Print every entry exactly once more, omitting each picture.

Records from a dataset
━━━━━━━━━━

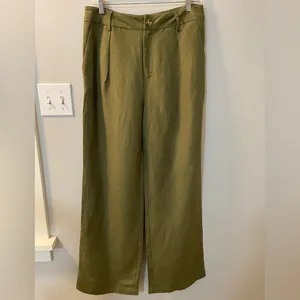 wide leg, high rise, pleated linen blend pants in army green size 6. NWOT thumbnail 2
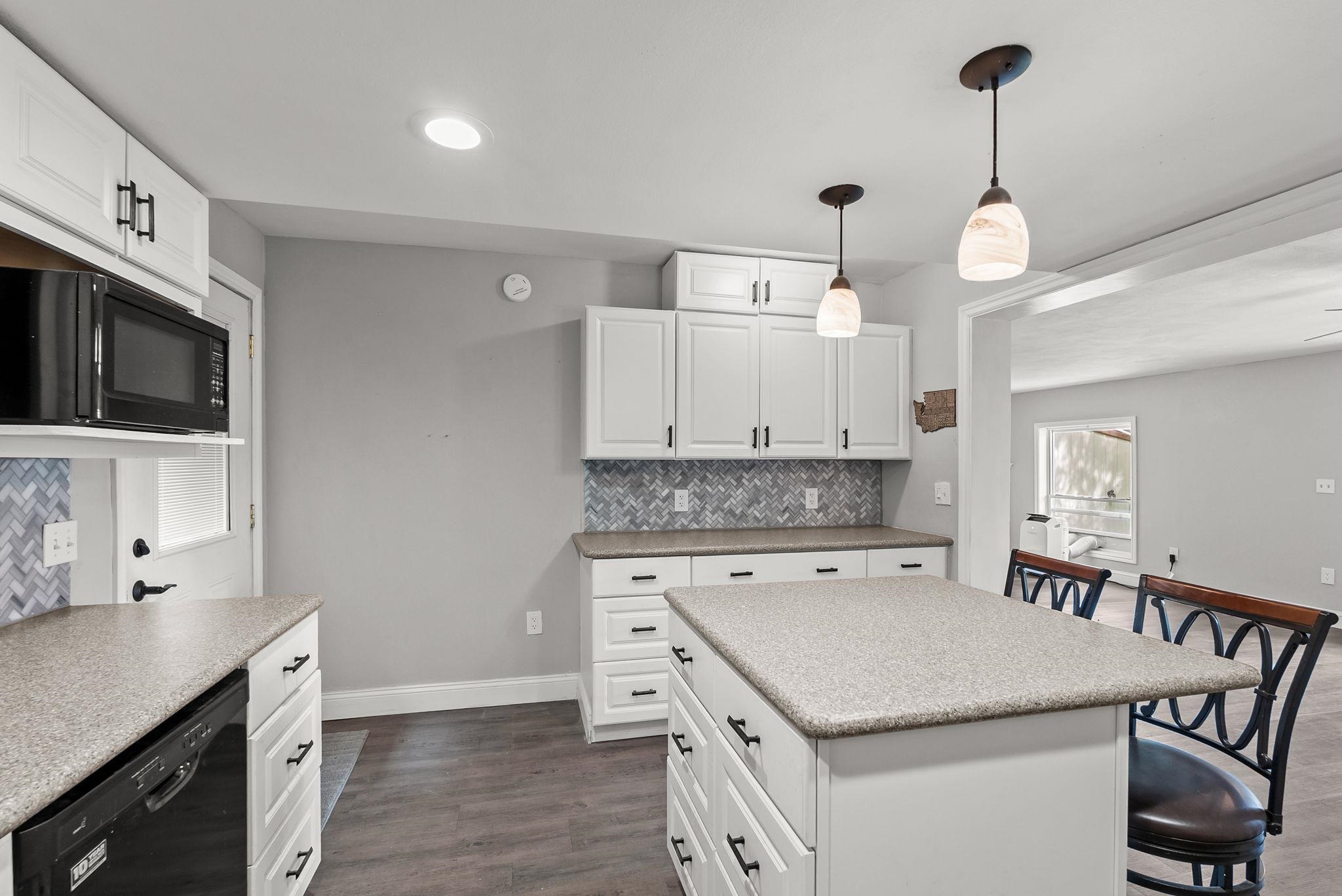 11715 N Honeymoon Bay Rd - Photo 17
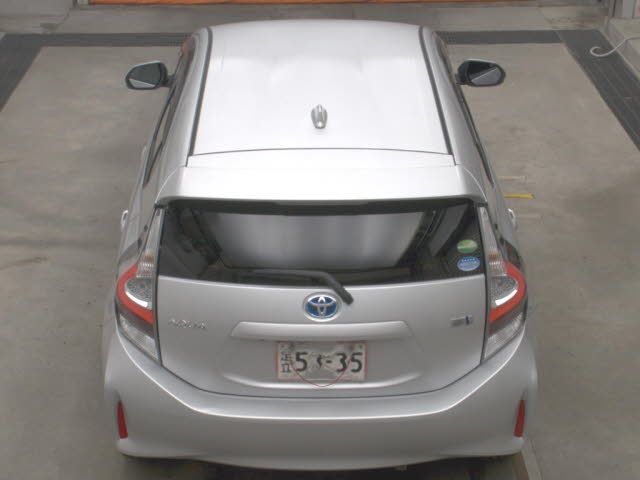 2020 Toyota Aqua S auction photo 7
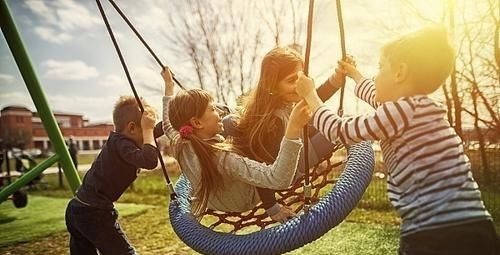 亲子关系|孩子之所以不自信，与父母的3种行为有关，很多人中招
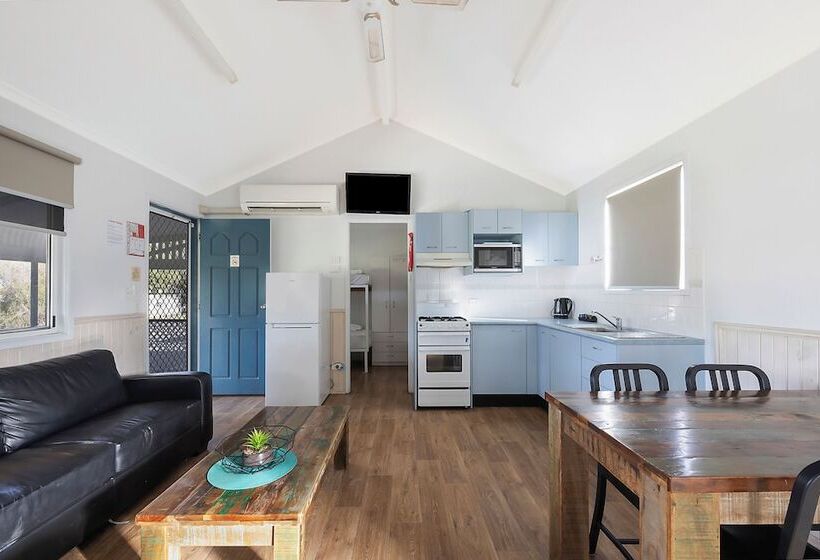 ホテル Reflections Lake Keepit Holiday Park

━━━━━━━━━━

Answer box>
 wide leg, high rise, pleated linen blend pants in army green size 6. NWOT thumbnail 2
 11715 N Honeymoon Bay Rd - Photo 17
 2020 Toyota Aqua S auction photo 7
 亲子关系|孩子之所以不自信，与父母的3种行为有关，很多人中招
 ホテル Reflections Lake Keepit Holiday Park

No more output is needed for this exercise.